**Input for this task**
•••••

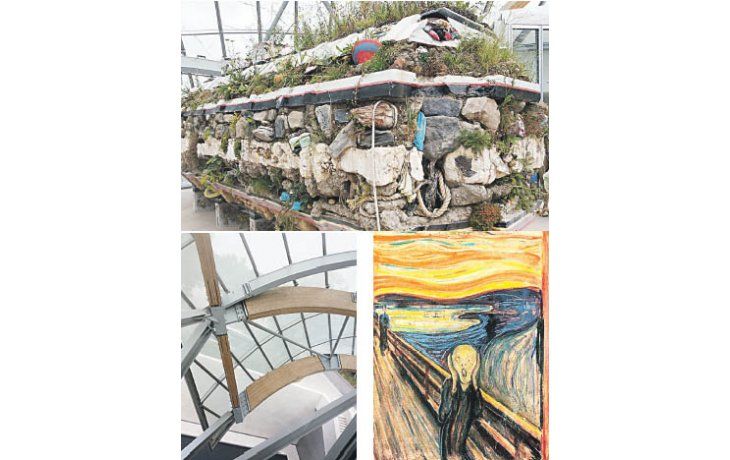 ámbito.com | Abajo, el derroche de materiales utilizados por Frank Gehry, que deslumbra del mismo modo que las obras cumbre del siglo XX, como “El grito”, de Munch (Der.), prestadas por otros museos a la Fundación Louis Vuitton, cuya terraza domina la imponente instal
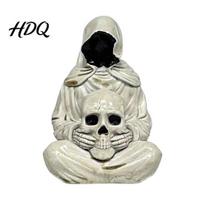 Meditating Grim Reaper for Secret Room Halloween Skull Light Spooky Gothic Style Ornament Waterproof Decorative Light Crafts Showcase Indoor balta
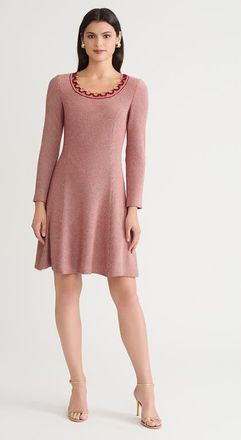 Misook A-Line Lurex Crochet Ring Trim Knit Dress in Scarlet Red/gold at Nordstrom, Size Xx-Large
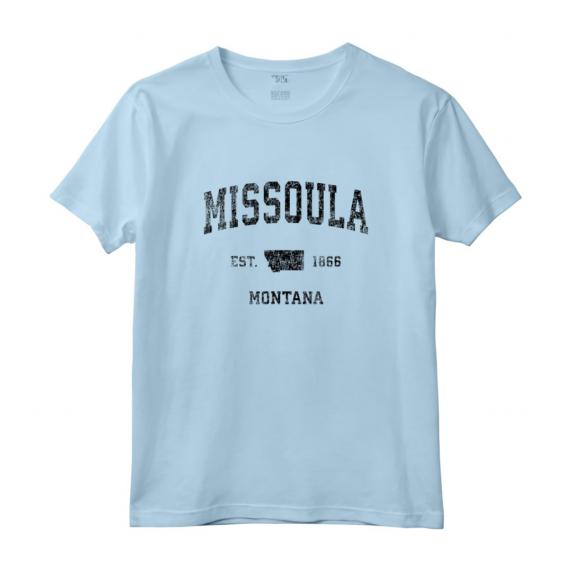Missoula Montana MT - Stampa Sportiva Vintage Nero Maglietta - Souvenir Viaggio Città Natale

•••••

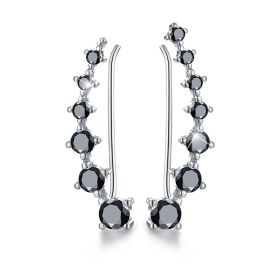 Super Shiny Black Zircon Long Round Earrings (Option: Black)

•••••

Your reply should hold nothing but the lines above, from the one containing "ámbito.com | Abajo, el" to the one containing "Missoula Montana MT", reproduced exactly minus the pictures.

 ámbito.com | Abajo, el derroche de materiales utilizados por Frank Gehry, que deslumbra del mismo modo que las obras cumbre del siglo XX, como “El grito”, de Munch (Der.), prestadas por otros museos a la Fundación Louis Vuitton, cuya terraza domina la imponente instal
 Meditating Grim Reaper for Secret Room Halloween Skull Light Spooky Gothic Style Ornament Waterproof Decorative Light Crafts Showcase Indoor balta
 Misook A-Line Lurex Crochet Ring Trim Knit Dress in Scarlet Red/gold at Nordstrom, Size Xx-Large
Missoula Montana MT - Stampa Sportiva Vintage Nero Maglietta - Souvenir Viaggio Città Natale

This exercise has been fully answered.